WHAT IS BEING ASKED => Report each line of the data that has "pour" somewhere in it.

[Brief descriptive captions]
────────────────

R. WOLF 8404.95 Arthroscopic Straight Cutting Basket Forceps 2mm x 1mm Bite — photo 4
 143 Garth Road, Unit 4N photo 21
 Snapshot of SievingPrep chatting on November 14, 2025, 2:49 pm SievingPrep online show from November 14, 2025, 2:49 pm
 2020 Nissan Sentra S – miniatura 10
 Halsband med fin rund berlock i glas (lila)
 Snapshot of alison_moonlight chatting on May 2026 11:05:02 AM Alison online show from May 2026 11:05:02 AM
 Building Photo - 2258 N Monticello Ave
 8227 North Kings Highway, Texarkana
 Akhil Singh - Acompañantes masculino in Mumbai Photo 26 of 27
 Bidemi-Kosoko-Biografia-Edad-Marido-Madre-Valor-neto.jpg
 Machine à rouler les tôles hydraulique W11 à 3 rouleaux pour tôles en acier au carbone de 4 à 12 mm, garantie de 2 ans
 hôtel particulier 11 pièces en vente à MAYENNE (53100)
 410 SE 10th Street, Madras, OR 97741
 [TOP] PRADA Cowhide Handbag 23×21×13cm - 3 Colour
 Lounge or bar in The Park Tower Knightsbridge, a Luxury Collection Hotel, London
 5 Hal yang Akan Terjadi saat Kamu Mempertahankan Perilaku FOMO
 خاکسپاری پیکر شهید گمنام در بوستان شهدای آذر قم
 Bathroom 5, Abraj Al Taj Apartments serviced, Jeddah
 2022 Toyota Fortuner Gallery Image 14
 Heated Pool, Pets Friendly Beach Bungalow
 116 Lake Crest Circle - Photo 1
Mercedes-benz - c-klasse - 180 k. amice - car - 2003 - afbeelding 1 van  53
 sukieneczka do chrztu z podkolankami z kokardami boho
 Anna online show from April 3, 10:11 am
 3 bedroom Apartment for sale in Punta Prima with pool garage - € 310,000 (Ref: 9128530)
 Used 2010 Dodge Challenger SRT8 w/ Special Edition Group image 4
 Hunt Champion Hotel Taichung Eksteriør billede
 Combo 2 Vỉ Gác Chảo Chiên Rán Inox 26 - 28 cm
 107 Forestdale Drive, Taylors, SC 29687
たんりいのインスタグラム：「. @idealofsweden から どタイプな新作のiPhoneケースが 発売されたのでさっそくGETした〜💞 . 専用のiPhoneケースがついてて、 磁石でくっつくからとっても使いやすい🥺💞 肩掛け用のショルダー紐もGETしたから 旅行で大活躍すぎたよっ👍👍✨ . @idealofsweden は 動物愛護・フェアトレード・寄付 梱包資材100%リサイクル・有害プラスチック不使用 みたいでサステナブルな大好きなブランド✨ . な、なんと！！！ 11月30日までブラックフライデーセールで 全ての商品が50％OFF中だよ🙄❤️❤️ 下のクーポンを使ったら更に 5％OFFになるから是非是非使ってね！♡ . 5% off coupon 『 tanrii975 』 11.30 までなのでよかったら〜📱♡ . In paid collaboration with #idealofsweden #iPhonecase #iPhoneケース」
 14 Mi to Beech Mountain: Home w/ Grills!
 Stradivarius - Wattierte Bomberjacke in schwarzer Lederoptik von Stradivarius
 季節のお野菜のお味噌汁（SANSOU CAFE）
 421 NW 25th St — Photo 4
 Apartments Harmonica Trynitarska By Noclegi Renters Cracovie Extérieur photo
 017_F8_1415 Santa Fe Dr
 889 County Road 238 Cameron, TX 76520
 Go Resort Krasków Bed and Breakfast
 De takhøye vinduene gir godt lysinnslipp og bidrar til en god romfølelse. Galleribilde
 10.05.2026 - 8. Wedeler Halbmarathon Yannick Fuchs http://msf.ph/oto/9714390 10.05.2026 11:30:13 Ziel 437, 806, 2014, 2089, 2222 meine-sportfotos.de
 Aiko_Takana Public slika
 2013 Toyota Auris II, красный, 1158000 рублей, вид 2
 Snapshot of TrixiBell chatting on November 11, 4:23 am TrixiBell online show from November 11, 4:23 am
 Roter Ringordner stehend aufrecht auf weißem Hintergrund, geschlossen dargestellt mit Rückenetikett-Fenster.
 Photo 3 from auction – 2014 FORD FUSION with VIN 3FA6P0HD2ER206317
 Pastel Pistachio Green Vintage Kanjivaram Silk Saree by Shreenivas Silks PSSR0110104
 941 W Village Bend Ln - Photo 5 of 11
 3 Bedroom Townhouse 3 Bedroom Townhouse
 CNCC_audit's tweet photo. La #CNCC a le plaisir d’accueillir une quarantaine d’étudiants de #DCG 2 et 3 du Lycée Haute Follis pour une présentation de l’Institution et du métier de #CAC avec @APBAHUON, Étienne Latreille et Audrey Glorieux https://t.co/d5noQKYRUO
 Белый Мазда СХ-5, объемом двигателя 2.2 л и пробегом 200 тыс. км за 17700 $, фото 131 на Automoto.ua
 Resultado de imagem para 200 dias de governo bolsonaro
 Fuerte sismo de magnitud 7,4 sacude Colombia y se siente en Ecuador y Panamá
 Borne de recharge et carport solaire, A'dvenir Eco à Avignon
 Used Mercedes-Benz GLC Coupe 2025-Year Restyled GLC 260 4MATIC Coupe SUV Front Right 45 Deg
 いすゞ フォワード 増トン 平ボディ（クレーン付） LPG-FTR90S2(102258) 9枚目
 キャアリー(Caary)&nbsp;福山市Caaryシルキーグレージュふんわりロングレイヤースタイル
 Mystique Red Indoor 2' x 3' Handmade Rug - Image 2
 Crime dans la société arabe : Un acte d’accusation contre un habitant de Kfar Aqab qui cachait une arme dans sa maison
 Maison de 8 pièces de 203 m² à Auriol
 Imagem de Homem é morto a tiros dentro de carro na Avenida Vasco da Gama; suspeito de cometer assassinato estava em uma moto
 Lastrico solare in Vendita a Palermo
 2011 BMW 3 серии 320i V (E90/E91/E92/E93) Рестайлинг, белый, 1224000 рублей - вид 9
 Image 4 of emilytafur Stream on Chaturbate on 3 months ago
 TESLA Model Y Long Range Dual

────────────────

SOLUTION TO THE PROBLEM =>
 Machine à rouler les tôles hydraulique W11 à 3 rouleaux pour tôles en acier au carbone de 4 à 12 mm, garantie de 2 ans
 CNCC_audit's tweet photo. La #CNCC a le plaisir d’accueillir une quarantaine d’étudiants de #DCG 2 et 3 du Lycée Haute Follis pour une présentation de l’Institution et du métier de #CAC avec @APBAHUON, Étienne Latreille et Audrey Glorieux https://t.co/d5noQKYRUO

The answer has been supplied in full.